Vermont claims two U.S. Presidents: Calvin Coolidge and Chester Alan Arthur. Both Coolidge and Arthur were born in small farming communities, and like many of their contemporaries, left their native state to attain political prominence. Both were Republican vice presidents who succeeded to the presidency upon the death of the incumbent.
While vacationing at his old family home in August 1923, Vice President Calvin Coolidge received an urgent message from Washington, D.C. with the news that President Warren Harding had died. In the middle of the night, Coolidge was sworn in as President by his father, the local notary public.

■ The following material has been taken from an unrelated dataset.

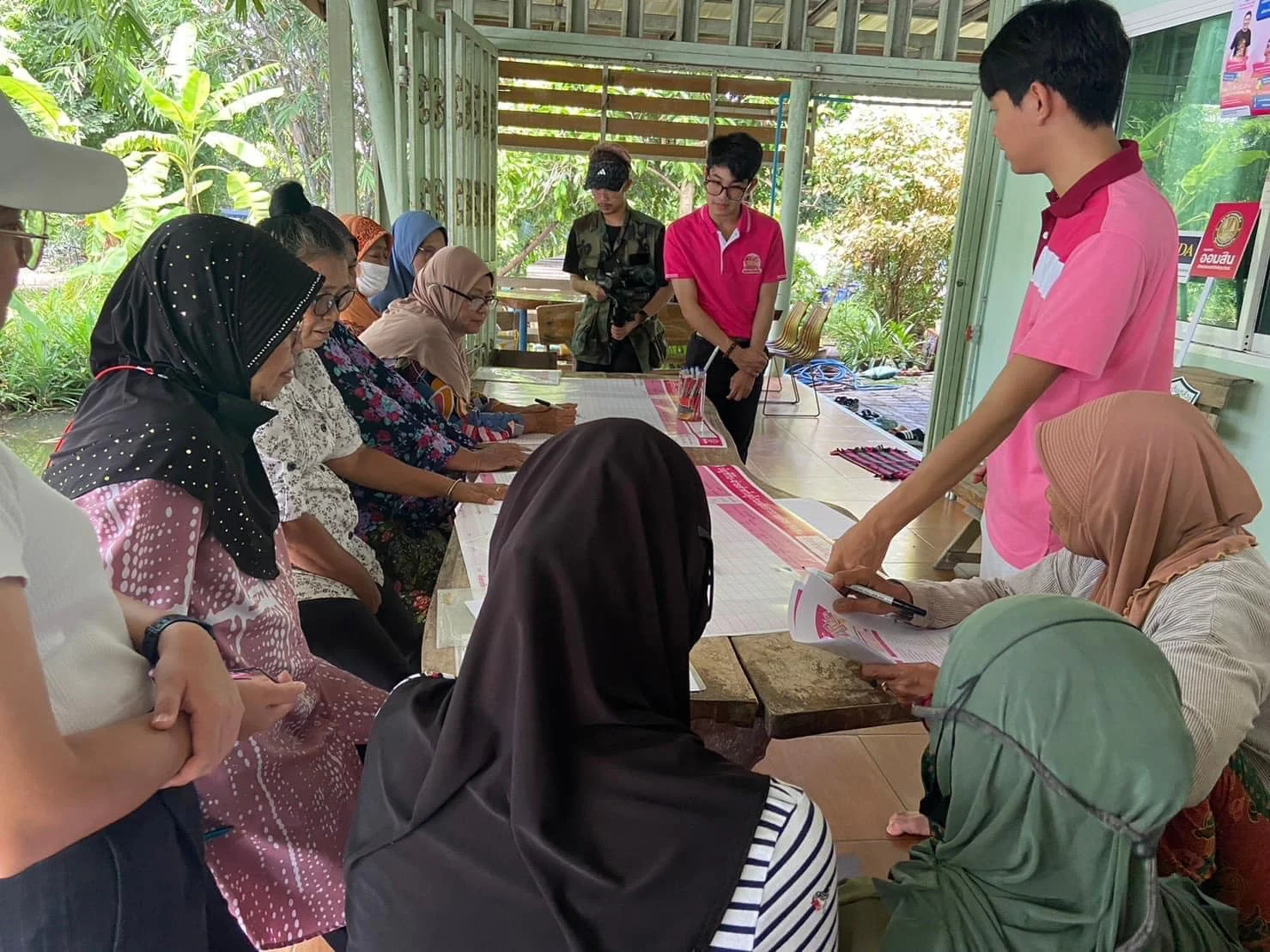 กิจกรรมลงพื้นที่ พัฒนาโครงงานการออกแบบกิจกรรมชุมชนสัมพันธ์ ด้วยแนวคิดธุรกิจคู่สังคม (CSV) กรณีศึกษาธนาคารออมสินแห่งประเทศไทย ออมสินยุวพัฒน์รักษ์ถิ่น Final Group Project การจัดทำเส้นทางการท่องเที่ยว BCG และการท่องเที่ยวคาร์บอนต่ำ ชุมชนคอยรุตดิน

The following year, President Coolidge returned to Plymouth Notch and established his “Summer White House” office in the dance hall over the general store. Today, the village of Plymouth Notch remains much as it was when Coolidge became President, and is a pristine example of an early 20th century Vermont hill town.
Chester A. Arthur
Chester Alan Arthur was sworn in as the nation’s 21st President upon the death of President James Garfield in 1881. The son of a Baptist minister, Arthur was born in a small temporary parsonage in Fairfield, Vermont. He became a lawyer who advocated for civil rights and a major leader of the Republican Party in New York City. As President, he championed civil service reform. Today, visitors to the reconstructed home in Fairfield will see an interpretive exhibit that examines Chester Arthur’s life and political career.